Prenant conscience de l’importance de la vidéoprotection pour l’efficacité de sa politique de sécurité, l’État devient facilitateur. Pour se faire, il assouplit progressivement le cadre juridique de 1995 en associant toujours davantage les acteurs privés de la sécurité. N’y a-t-il pas un danger pour le respect des libertés publiques ? Ses incitations sont également financières via les subventions du Fonds interministériel de prévention de la délinquance (FIPD) issues pour partie du produit des amendes forfaitaires de la police et de la circulation. Ne s’agit-il pas d’un paradoxe illustrant les relations ambigües que l’État entretient avec les collectivités territoriales ? En effet, comment expliquer qu’une partie du montant des amendes forfaitaires, dotation qui revient normalement exclusivement aux communes, soit prélevée par l’État pour alimenter son FIPD et financer ainsi des politiques publiques qu’il ambitionne 12 ?
Les élus locaux sont aussi responsables de l’expansion de la vidéoprotection car ce sont eux qui décident de la mise en place d’un tel dispositif sur leurs territoires. Malgré les fortes incitations de l’État, le déploiement d’un système de vidéoprotection demeure en effet encore facultatif. Entre 1999 et 2006, les communes qui filment la voie publique sont passées de 60 à plus de 600, soit une augmentation de 1000% 13 . Contrairement à ce que l’on pourrait penser, le boom de la vidéoprotection est apolitique. Il touche aussi bien les communes de droite, que les communes de gauche, les grandes villes de plus de 100 000 habitants que certains petits villages ruraux, à l’image de Ponthrévard dans les Yvelines qui compte 500 habitants 14 . Plusieurs villes socialistes telles que Lyon, Dijon, Clichy, Saint-Herblain ou plus proche de nous la ville de Cergy ont ainsi fait le choix de la caméra. D’autres l’ont fait mais en concentrant leurs efforts sur des lieux stratégiques.
République, La contribution de l’Etat au développement de la vidéoprotection , 13 juillet 2010, 33 pages.
C’est le cas de Martine Aubry, la maire de Lille, qui a choisi d’installer des caméras dans les seuls lieux clos, les transports et pour protéger les abords des bâtiments publics 15 . Les départements et les régions ne sont pas en reste puisqu’ils contribuent financièrement à l’installation des dispositifs de vidéoprotection par le biais de subventions. Les établissements publics de coopération intercommunale (EPCI) n’ont plus puisque, depuis 2007, l’article L.5211-60 du code général des collectivités territoriales permet une gestion intercommunale de la vidéoprotection.
Et, quelle place accorder aux entreprises privées spécialisées dans les technologies de sécurité ? Quel rôle les experts privés de la sécurité urbaine jouent-ils dans la décision des maires d’équiper leurs communes en vidéoprotection ?

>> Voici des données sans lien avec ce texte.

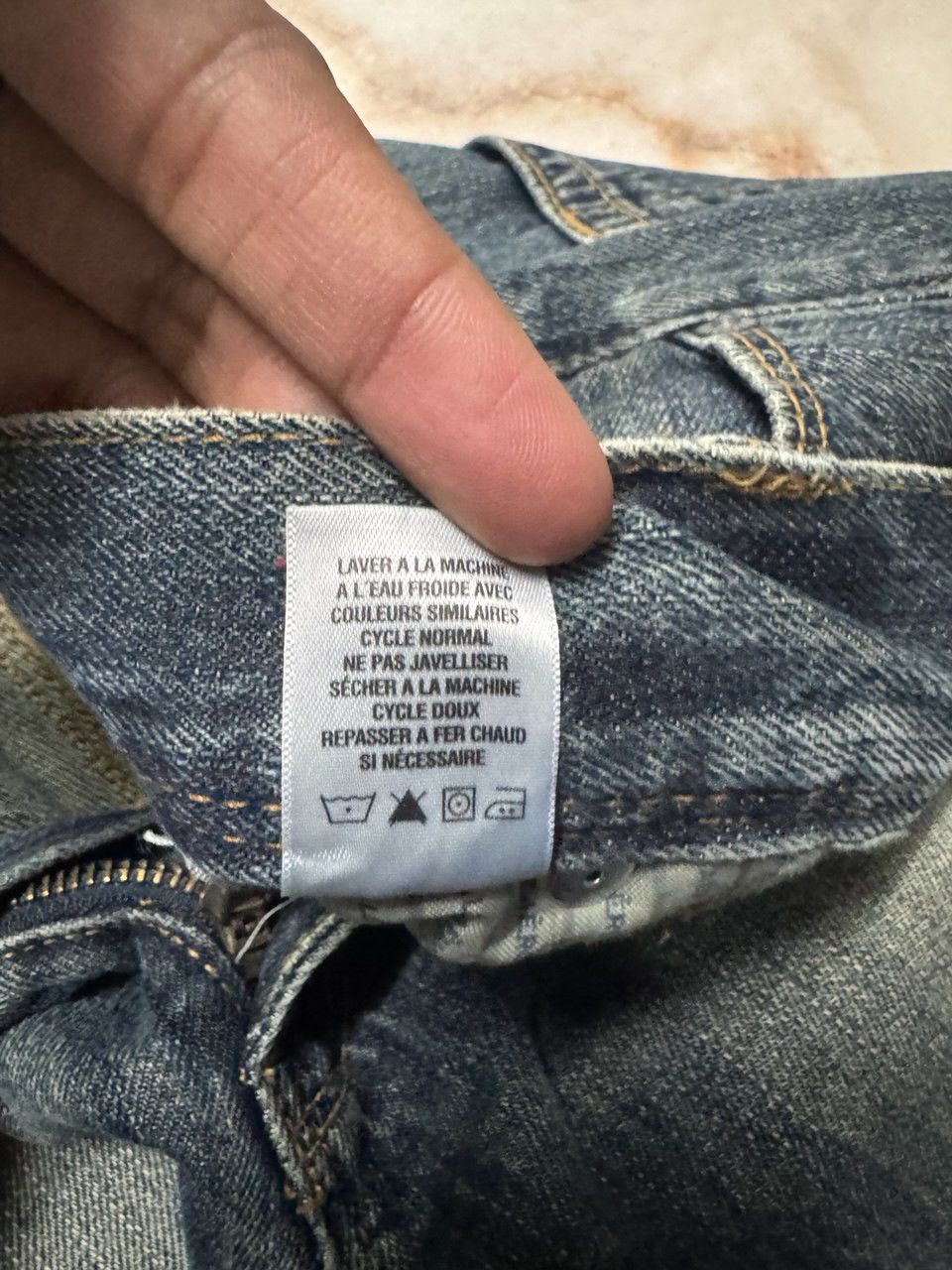 Japanese Brand × Vintage FLARED 90s Style Benton Original Boot Mudwash Sick Jeans Size US 36 / EU 52 - 11 Thumbnail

Enfin, si la vidéoprotection interroge le citoyen-usager de l’espace public, elle interroge aussi le citoyen-contribuable. Le dernier rapport de la Cour des comptes, paru en juillet 2011, dénonce un dispositif onéreux dénué d’évaluation. Certaines études étrangères remettent par ailleurs en cause l’efficacité supposée des caméras dans la lutte contre la délinquance.
Dès lors, pourquoi les communes cherchent-elles absolument à s’équiper en caméras de vidéoprotection et quels sont les principaux écueils que recèle le déploiement d’un tel système ?

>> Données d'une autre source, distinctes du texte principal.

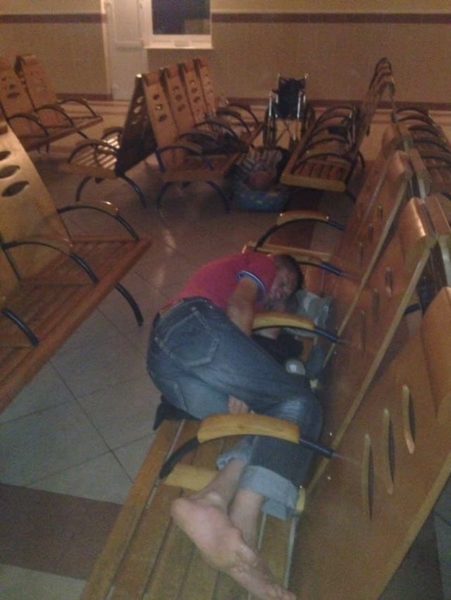 Марцінків закликав не залишати безхатьків на ніч на морозі і дав доручення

Dans un premier temps, il s’agira de se pencher sur le phénomène de montée en puissance de la vidéoprotection au niveau local, d’essayer d’en comprendre les raisons et d’en étudier le cadre juridique.
Le deuxième temps de notre étude sera consacré à une analyse plus « pratique » de l’outil vidéoprotection. Dans cette partie, nous essayerons de dégager les principales limites de cette technologie et la manière dont les collectivités tentent d’y faire face dans la pratique.

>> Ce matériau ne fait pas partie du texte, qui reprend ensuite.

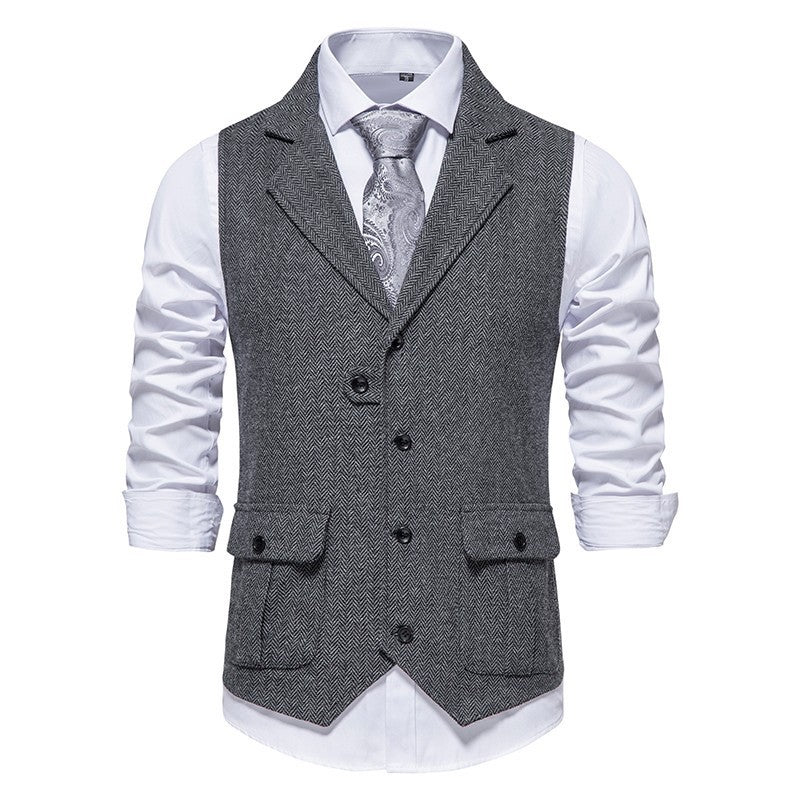 Jimmy | Vintage Men's Suit Vest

L’analyse de ce sujet d’étude s’est heurtée à des difficultés d’accès à l’information. En raison des enjeux qu’elle comporte pour les libertés publiques, la vidéoprotection constitue une politique publique extrêmement sensible, souvent rattachée directement au cabinet du maire ou à celui du président de l’EPCI. Les informations qui en émanent sont donc lacunaires voire déformées par souci de communication. Les élus locaux cherchent en effet à vanter les mérites d’un outil particulièrement coûteux pour les contribuables. En revanche, dès qu’il s’est agi d’avoir accès aux études préalables, diagnostics de sécurité ou autres bilans financiers, peu de collectivités ont accepté de jouer la carte de la transparence. Quant aux renseignements fournis par les opposants à la vidéoprotection, il a également fallu les analyser avec recul parce que d’une part, ces derniers ne réussissent pas toujours à avoir accès aux documents des collectivités territoriales, et d’autre part car les montants qu’ils avancent sont parfois excessifs.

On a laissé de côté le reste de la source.